*** Data block Section Begins ***
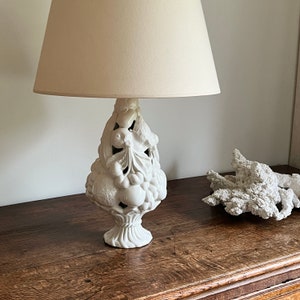 lampe de table vintage en céramique italienne, lampe corbeille de fruits blanche, lampe topiaire du milieu du siècle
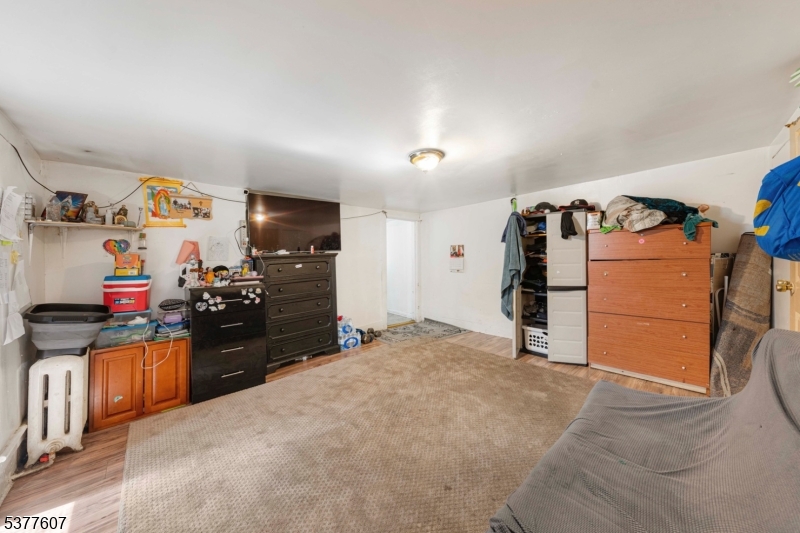 Plainfield City, New Jersey, 07060, United States, 8 Bedrooms Bedrooms, ,5 BathroomsBathrooms,Residential,For Sale,1933481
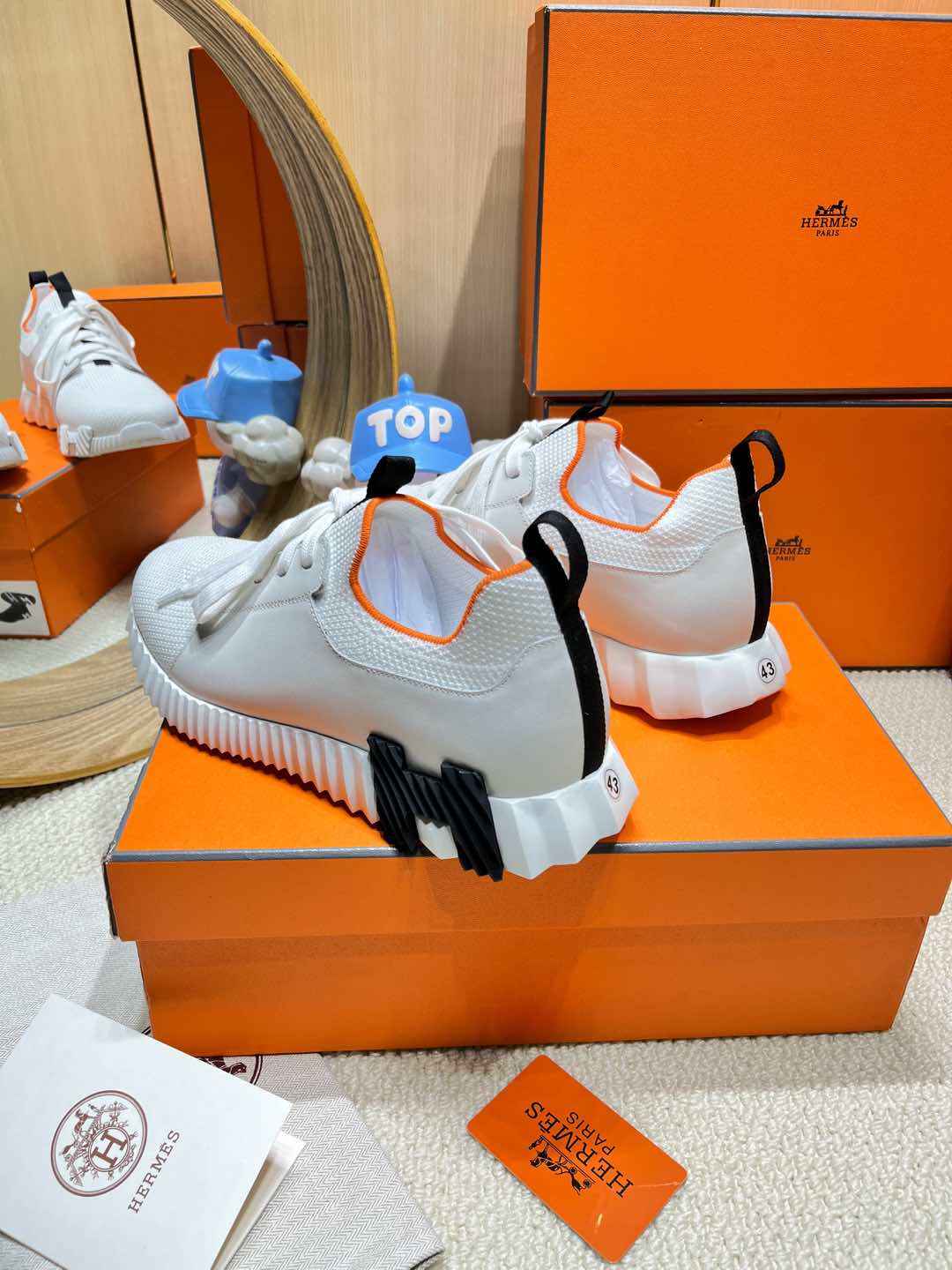 A-Sneakers
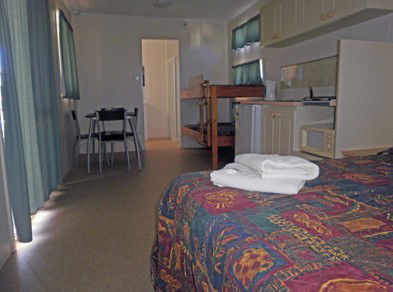 Sunset Beach Holiday Park - Accommodation Perth 5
*** Data block Section Ends ***
- [Instructions for the task] Print exactly the line containing "Plainfield City, New" and every line after it through the final line above, and leave all pictures out.

- [Task output]
 Plainfield City, New Jersey, 07060, United States, 8 Bedrooms Bedrooms, ,5 BathroomsBathrooms,Residential,For Sale,1933481
 A-Sneakers
 Sunset Beach Holiday Park - Accommodation Perth 5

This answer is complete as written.